---------- STORED DATA ----------

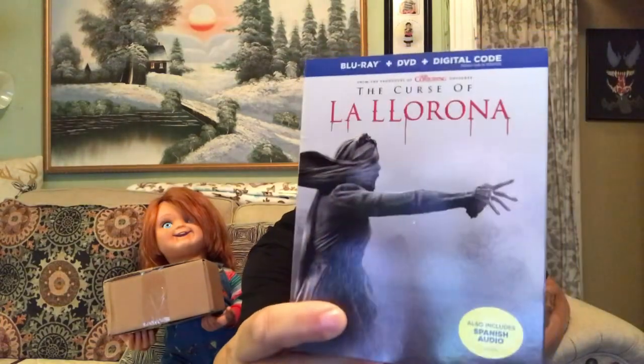Before I start my video on unboxing Chucky's gift, I want to make a correction from my last video about the La Llorona doll. I was mispronouncing it — I was reading it in English rather. I was saying La Llorona, but it's not. It's La Llorona, and that means weeping lady. I also got the Blu-ray because I kind of liked that movie from the get go. My daughter corrected me on it and another YouTuber corrected me on it, and I want to thank them for that.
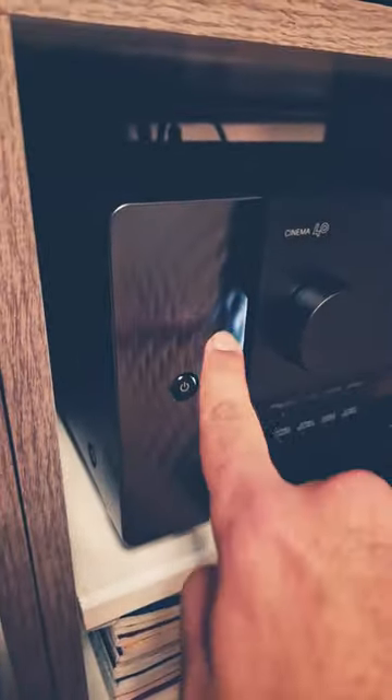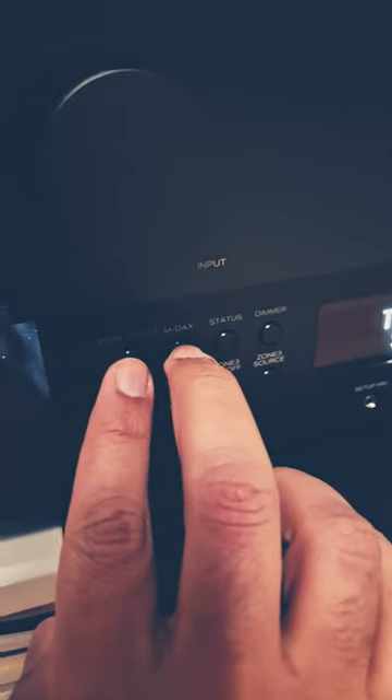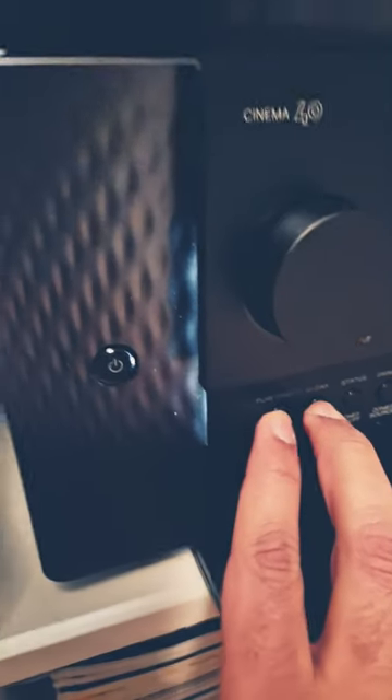I just discovered something really cool. If you want to change this light that is now white, just push 'pour direct' and 'mdax' together and take a look.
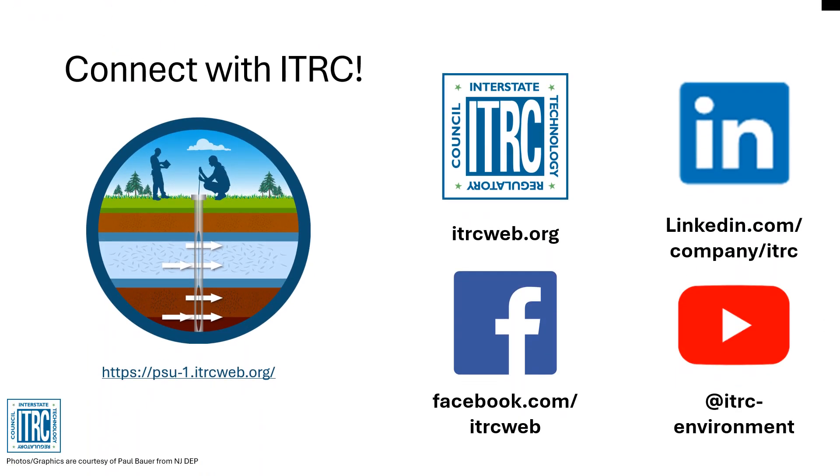For more information on the Pisces samplers and other passive sampling technologies, check out the IDRC Passive Sampling Update Web Guidance.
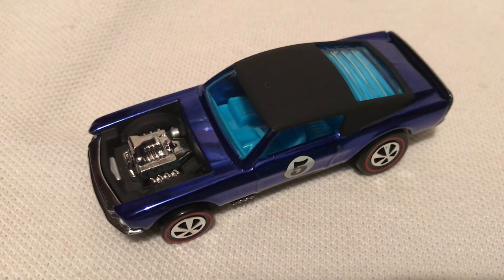Hey YouTube, it's me, Julien. Here's the Mustang Boss Hoss HWC exclusive from I think 2017. It'll be in the title so you'll know. But part of the spoiler series, I think.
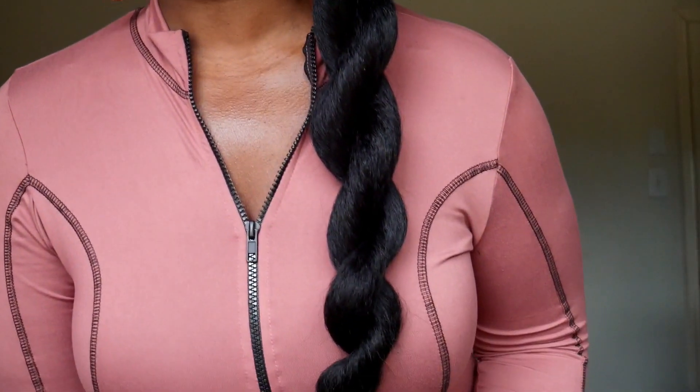Before the video is over, I wanted to show y'all another style. I was trying to get it out of my face and I twisted it like this — I think it's so cute. I need to probably twist it tighter at the top. Y'all what do you think about this style? You could also do a braid, but I did a braid with the other one so I did a twist with this one. Super cute, I love it — just had to come back and show y'all that little style.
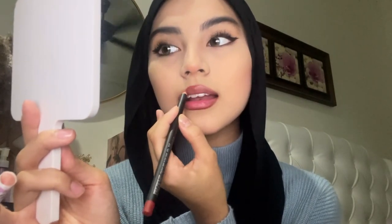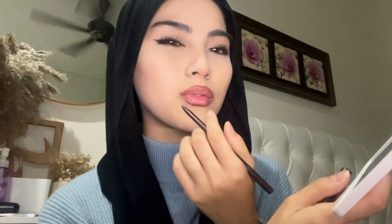For lips, I use two lip liners. The first one is a reddish brown colour and the next one is brown. If you want to overline your lips, only overline at the top and bottom — at the sides of your lips, you don't need to. Because if you overline all around, it doesn't look good, trust me.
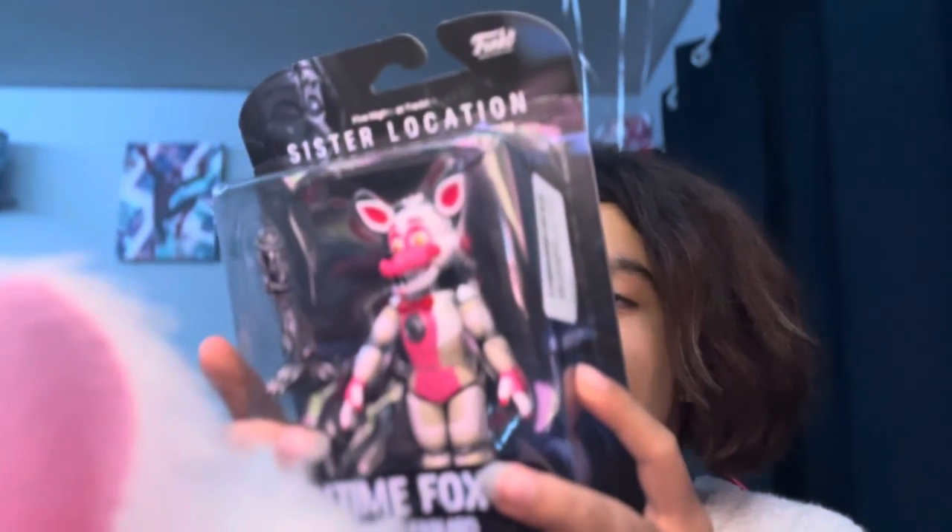So yeah, I got Funtime Foxy finally and I actually wanted to get Funtime Freddy as well but for some reason he's like not available anywhere and he's really rare. He's like mad expensive on eBay, I don't know what happened, but for some reason they're still making Funtime Foxy so that doesn't make any sense. I also really want Ennard too. Ennard would be cool.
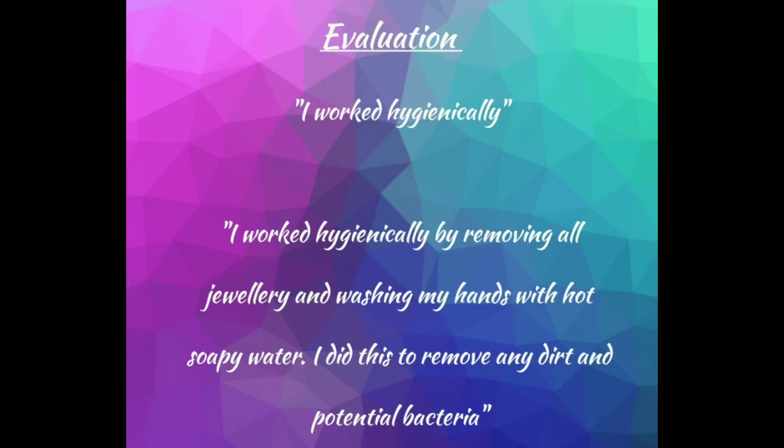You may want to do some additional research using the internet, but otherwise you should now have most of the information you need to safely and confidently complete session one of workbook one and create your lovely batch of scones. I can't wait to see what you do!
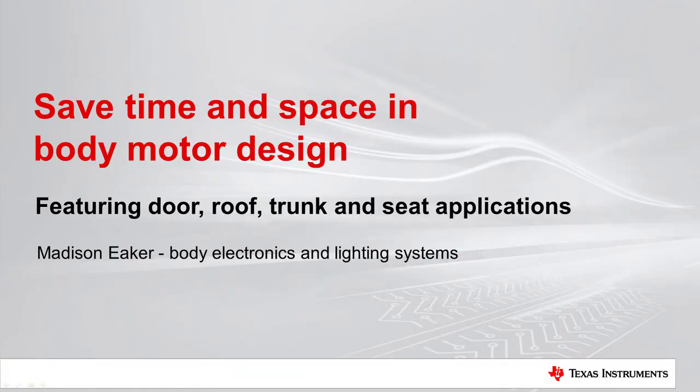I'm Madison Eaker and I cover body electronics and lighting systems at Texas Instruments. In this presentation, I'm going to talk about how you can achieve smoother, more precise motion in your body motor design by replacing relays with MOSFETs in your H-bridge circuit, and use integrated circuit motor drivers to reduce design time and complexity.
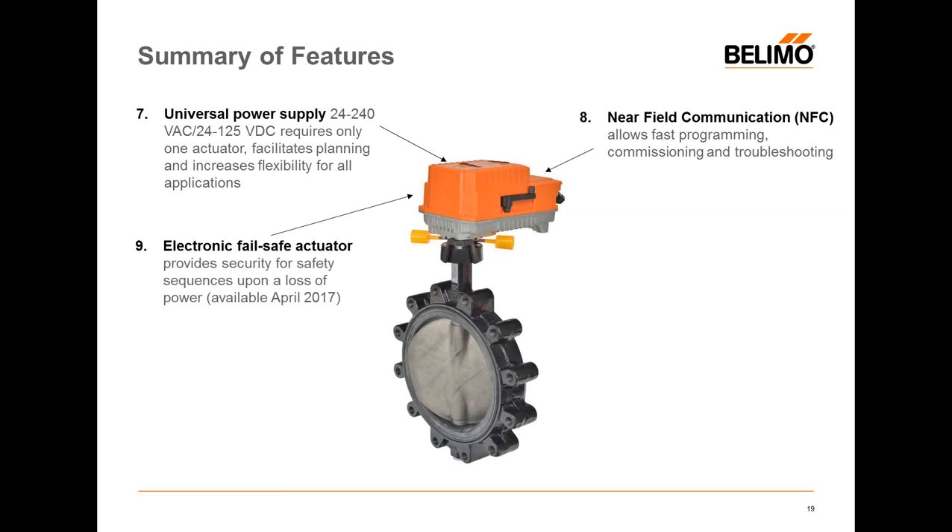The fail-safe actuator shown will be available in April. It's all self-contained using super caps. You'll be able to set the fail-safe position — for example, 20% open so you don't starve the system when power fails. We also have what we call a bridge time, programmable from 0 to 10 seconds, so if you have brownouts you can bridge that brownout before going to fail-safe. This way you don't need a brownout to trigger the system to go into fail-safe only to have power come right back on. The flexible position indicator can be seen from a long distance, and there's also a position indicator on the top of the actuator if it's below grade.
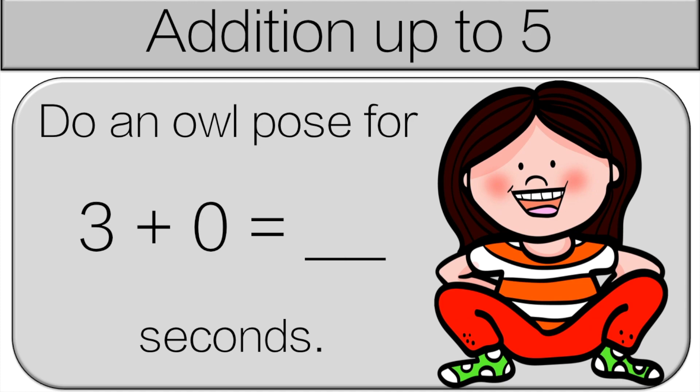Three plus zero is three. So do an owl pose for three seconds.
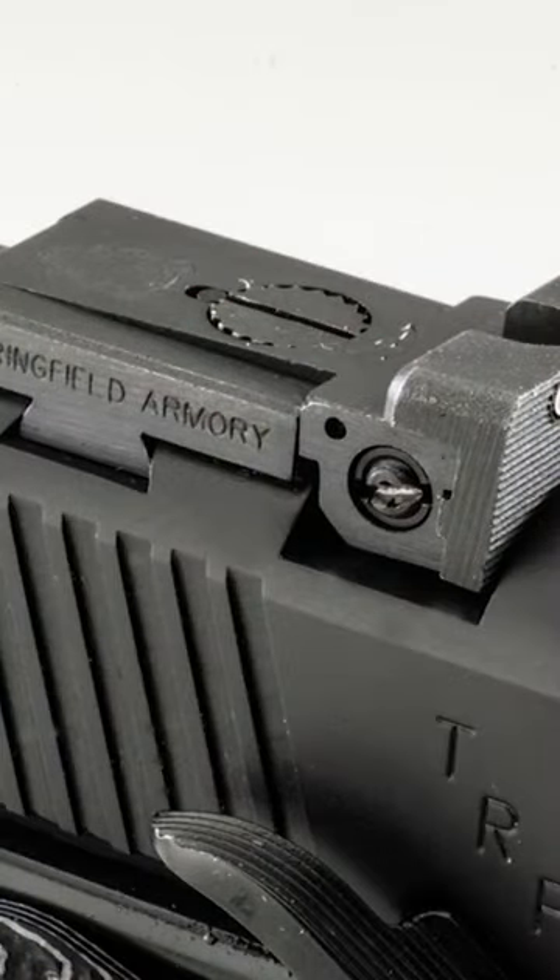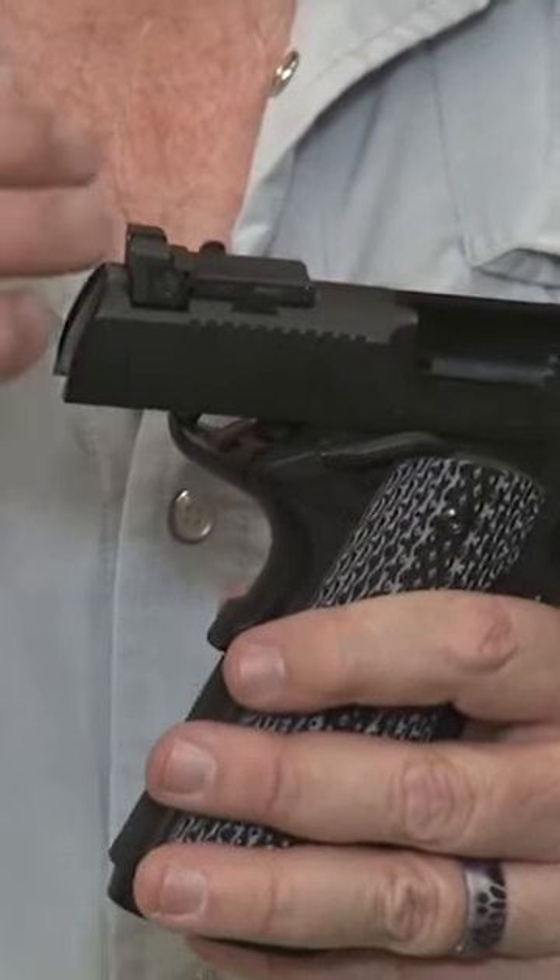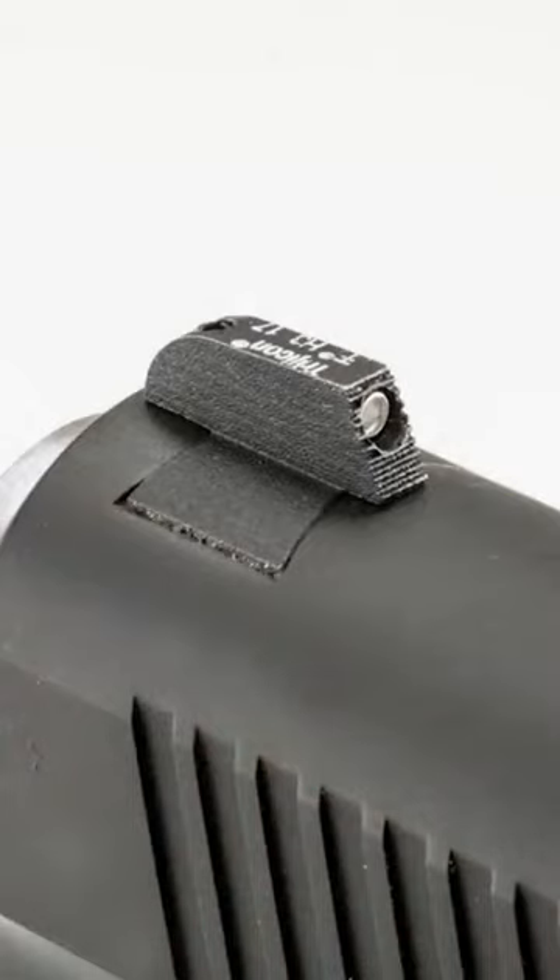The rear sight is set forward on the slide to protect the sight from being bumped or actually broken in any high-stress situation. It has a dovetail front sight, and of course it's a night sight, both front and rear.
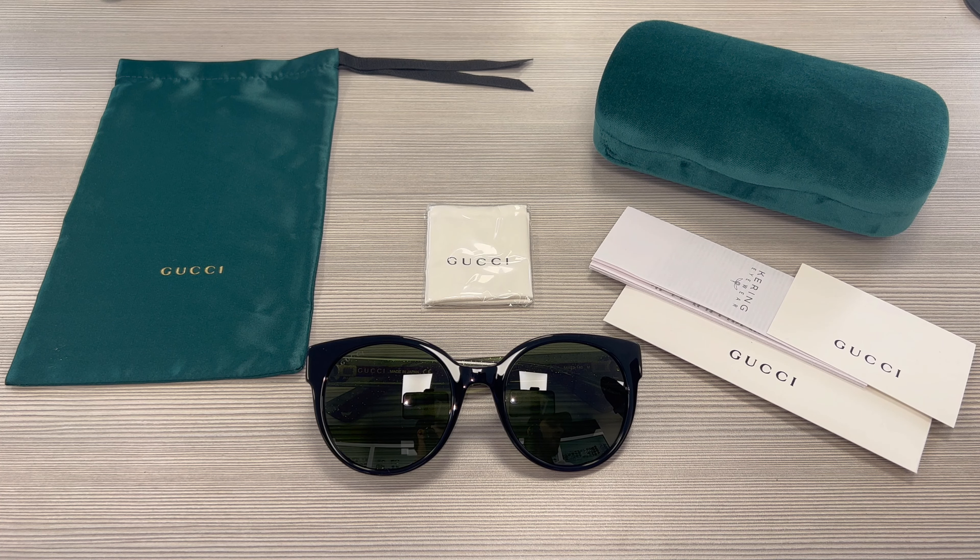Hello everyone, greetings from iSpecs.com. Today we'll be taking a look at these Gucci sunglasses, model GG0035SN in color code 002.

----------

◆ WORK INSTRUCTION
Repeat, with no pictures, every line from the top of the entries above through the line that has "So yeah, I got", keeping each one exact.

◆ RESPONSE FOR THIS EXERCISE
Before I start my video on unboxing Chucky's gift, I want to make a correction from my last video about the La Llorona doll. I was mispronouncing it — I was reading it in English rather. I was saying La Llorona, but it's not. It's La Llorona, and that means weeping lady. I also got the Blu-ray because I kind of liked that movie from the get go. My daughter corrected me on it and another YouTuber corrected me on it, and I want to thank them for that.
I just discovered something really cool. If you want to change this light that is now white, just push 'pour direct' and 'mdax' together and take a look.
For more information on the Pisces samplers and other passive sampling technologies, check out the IDRC Passive Sampling Update Web Guidance.
Hey YouTube, it's me, Julien. Here's the Mustang Boss Hoss HWC exclusive from I think 2017. It'll be in the title so you'll know. But part of the spoiler series, I think.
Before the video is over, I wanted to show y'all another style. I was trying to get it out of my face and I twisted it like this — I think it's so cute. I need to probably twist it tighter at the top. Y'all what do you think about this style? You could also do a braid, but I did a braid with the other one so I did a twist with this one. Super cute, I love it — just had to come back and show y'all that little style.
For lips, I use two lip liners. The first one is a reddish brown colour and the next one is brown. If you want to overline your lips, only overline at the top and bottom — at the sides of your lips, you don't need to. Because if you overline all around, it doesn't look good, trust me.
So yeah, I got Funtime Foxy finally and I actually wanted to get Funtime Freddy as well but for some reason he's like not available anywhere and he's really rare. He's like mad expensive on eBay, I don't know what happened, but for some reason they're still making Funtime Foxy so that doesn't make any sense. I also really want Ennard too. Ennard would be cool.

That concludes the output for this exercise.